Some time since one party netted 900 pounds in three weeks; 100 pounds a week was thought nothing wonderful.

Four men found one day seventy-five pounds weight; another party took from the foot of a tree gold to the value of 2000 pounds. A friend of mine once met a man whom he knew returning to Melbourne, walking in dusty rags and dirt behind a dray, yet carrying with him 1,500 pounds worth of gold. In Peg Leg Gully, fifty and even eighty pounds weight had been taken from holes only three or four feet deep. At Forest Creek a hole produced sixty pounds weight in one day, and forty more the day after. From one of the golden gullies a party took up the incredible quantity of one hundred and ninety-eight pounds weight in six weeks. These are but two or three instances out of the many that occurred to prove the richness of this truly auriferous spot. The consequence may be easily imagined; thousands flocked to Bendigo.
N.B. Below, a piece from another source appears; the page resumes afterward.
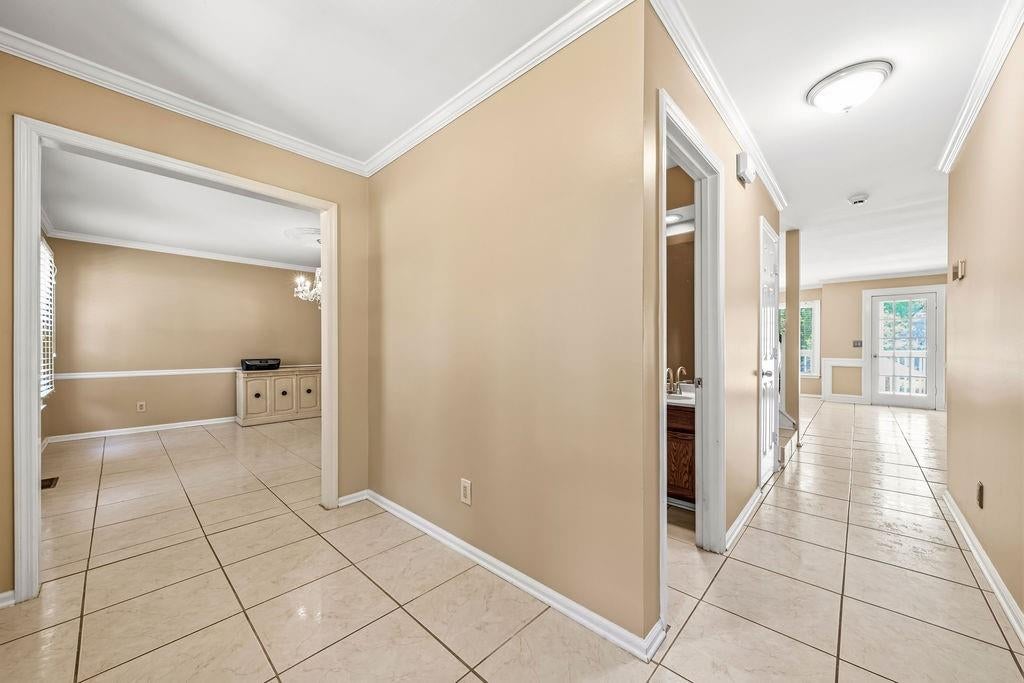 4585 Hunting Hound Lane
The "lucky bits" were still as numerous, but being disseminated among a greater number of diggers, it followed that there were many more blanks than prizes, and the disappointed multitude were ready to be off to the first new discovery. Small gains were beneath their notice. I have often heard the miners say that they would rather spend their last farthing digging fifty holes, even if they found nothing in them, than "tamely" earn an ounce a day by washing the surface soil; on the same principle, I suppose, that a gambler would throw up a small but certain income to be earned by his own industry, for the uncertain profits of the cue or dice.